* SOURCE MATERIAL *
*-*-*

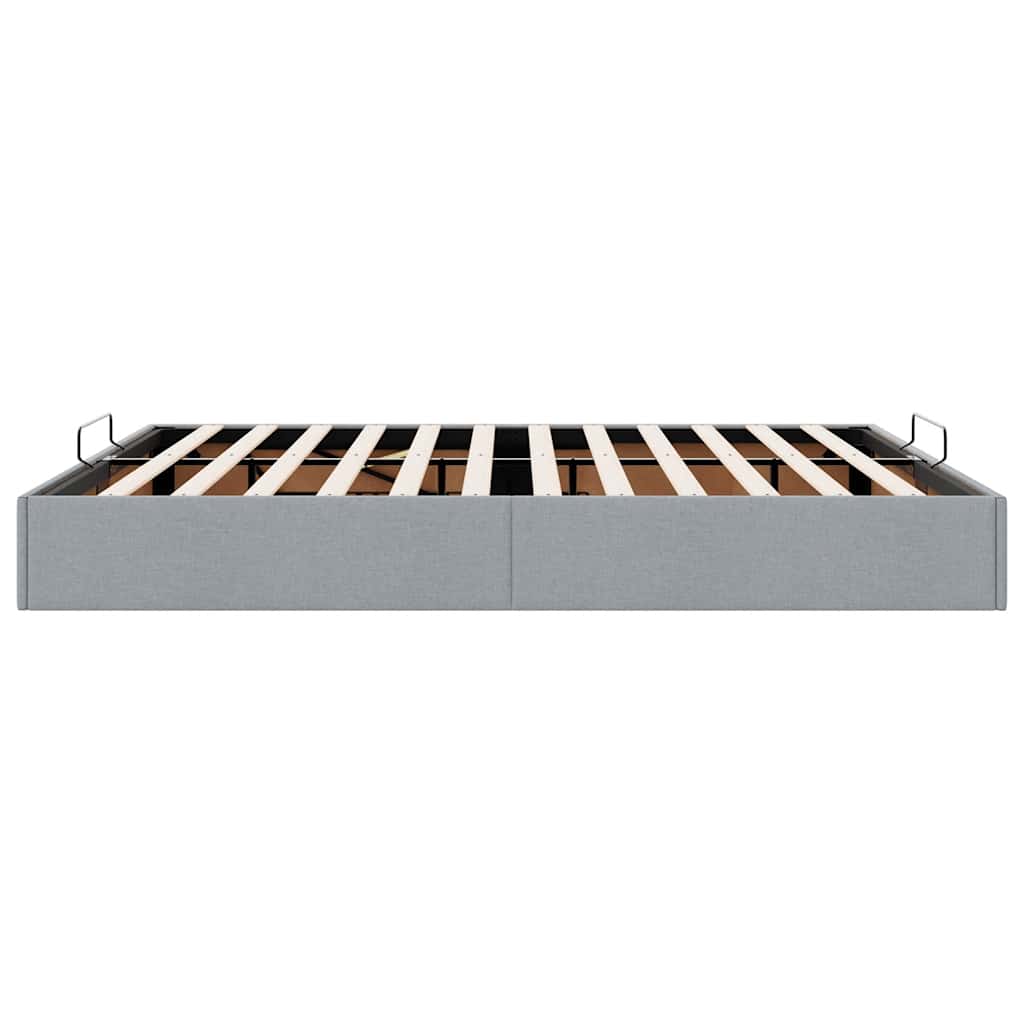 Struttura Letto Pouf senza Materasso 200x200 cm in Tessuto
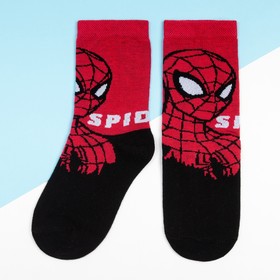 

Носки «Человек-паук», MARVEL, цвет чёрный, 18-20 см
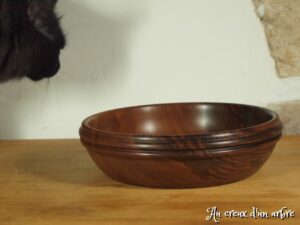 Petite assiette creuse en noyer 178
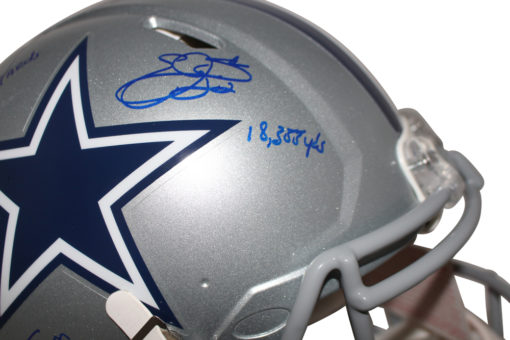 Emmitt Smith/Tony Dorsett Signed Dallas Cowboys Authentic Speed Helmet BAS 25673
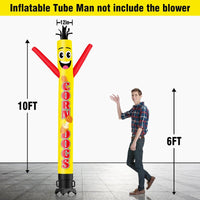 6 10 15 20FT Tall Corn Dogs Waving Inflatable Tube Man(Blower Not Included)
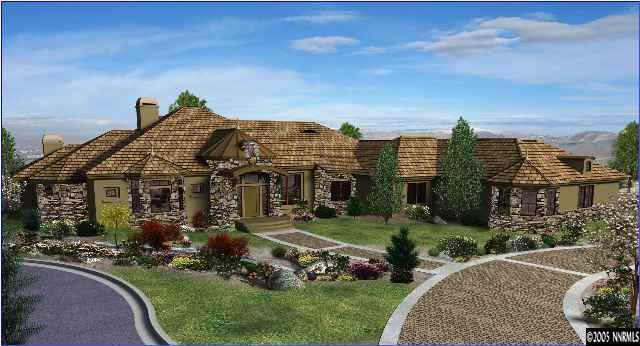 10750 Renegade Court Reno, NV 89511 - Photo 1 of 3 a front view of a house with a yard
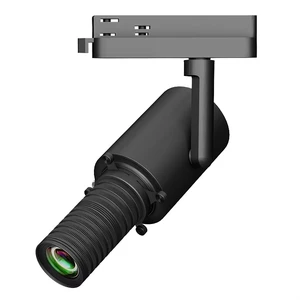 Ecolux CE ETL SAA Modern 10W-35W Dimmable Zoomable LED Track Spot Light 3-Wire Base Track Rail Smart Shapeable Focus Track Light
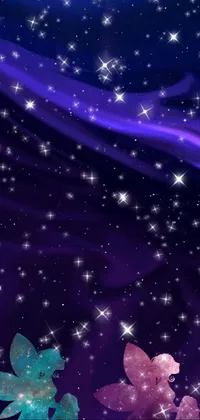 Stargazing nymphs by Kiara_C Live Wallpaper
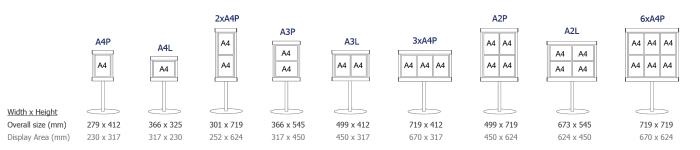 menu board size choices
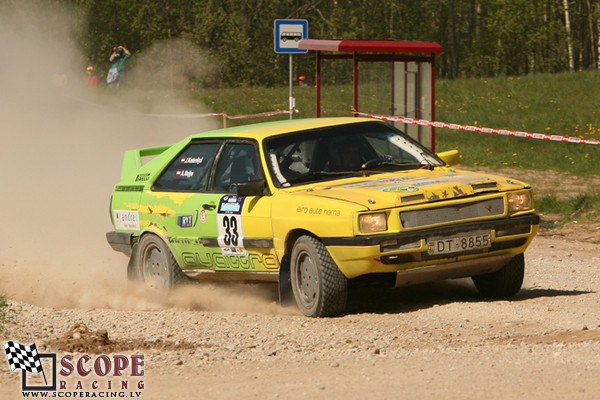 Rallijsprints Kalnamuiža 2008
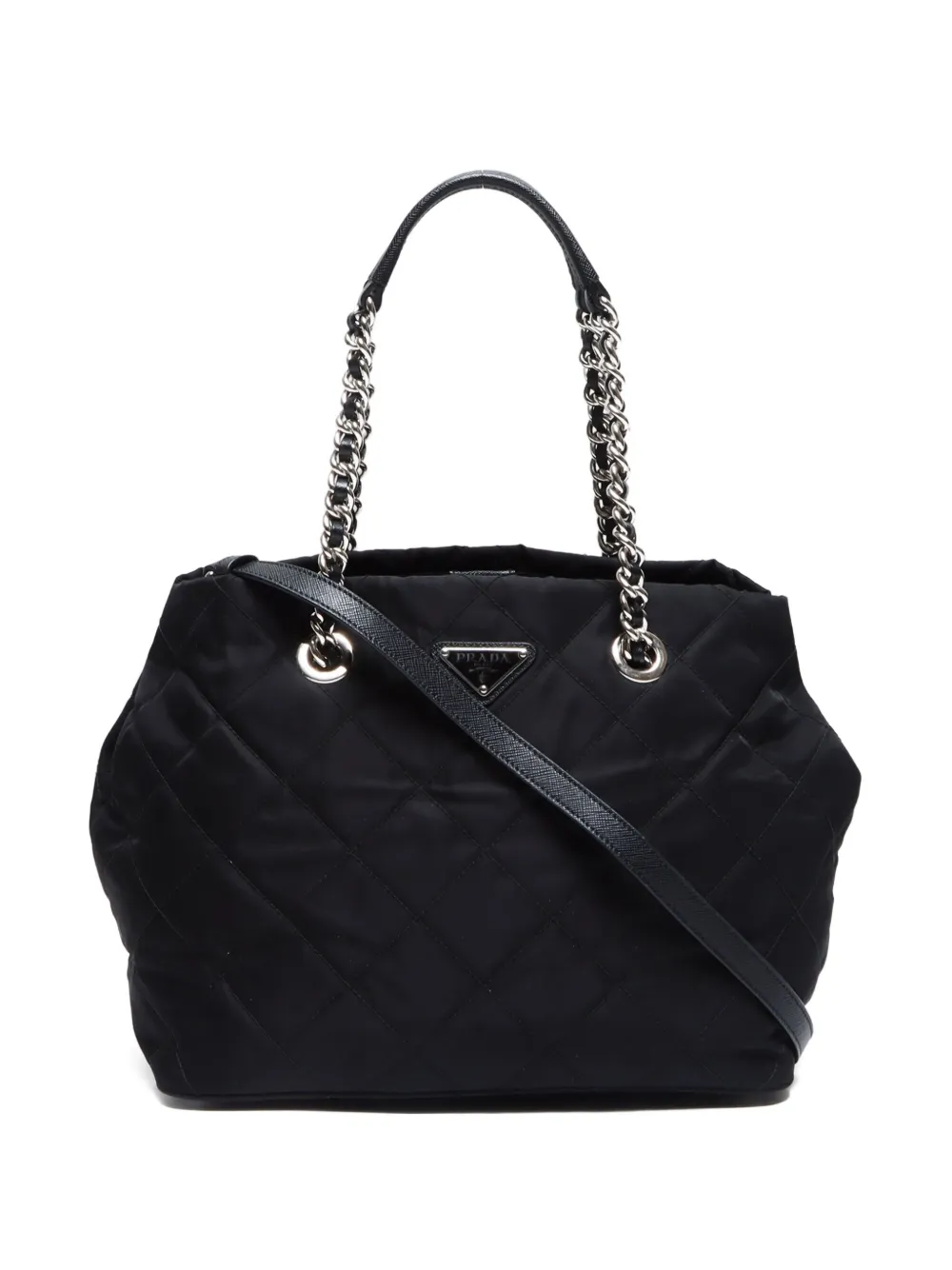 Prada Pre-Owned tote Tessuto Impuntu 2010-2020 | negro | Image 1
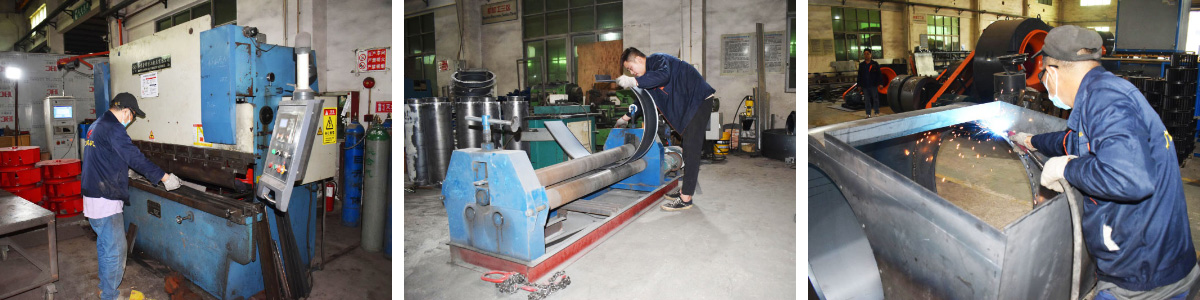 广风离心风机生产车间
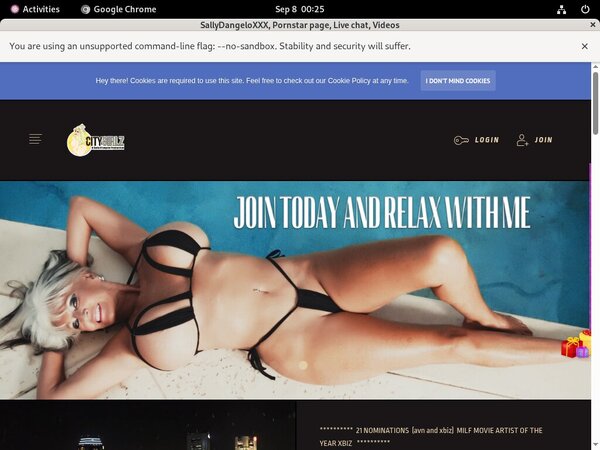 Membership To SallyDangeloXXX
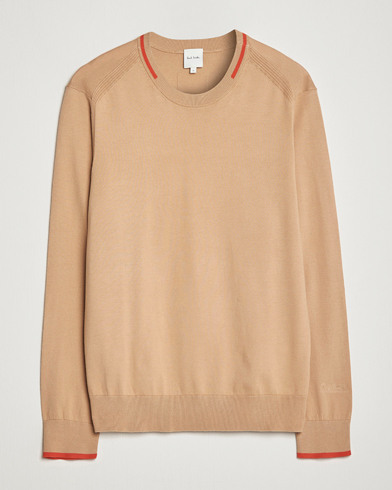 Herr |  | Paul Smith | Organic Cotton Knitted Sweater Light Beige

*-*-*

* WHAT TO WORK ON *
Start at the top line above and repeat the records verbatim, leaving images out.

* WRITTEN RESPONSE *
 Struttura Letto Pouf senza Materasso 200x200 cm in Tessuto

Носки «Человек-паук», MARVEL, цвет чёрный, 18-20 см
 Petite assiette creuse en noyer 178
 Emmitt Smith/Tony Dorsett Signed Dallas Cowboys Authentic Speed Helmet BAS 25673
 6 10 15 20FT Tall Corn Dogs Waving Inflatable Tube Man(Blower Not Included)
 10750 Renegade Court Reno, NV 89511 - Photo 1 of 3 a front view of a house with a yard
 Ecolux CE ETL SAA Modern 10W-35W Dimmable Zoomable LED Track Spot Light 3-Wire Base Track Rail Smart Shapeable Focus Track Light
 Stargazing nymphs by Kiara_C Live Wallpaper
 menu board size choices
 Rallijsprints Kalnamuiža 2008
 Prada Pre-Owned tote Tessuto Impuntu 2010-2020 | negro | Image 1
 广风离心风机生产车间
 Membership To SallyDangeloXXX
 Herr |  | Paul Smith | Organic Cotton Knitted Sweater Light Beige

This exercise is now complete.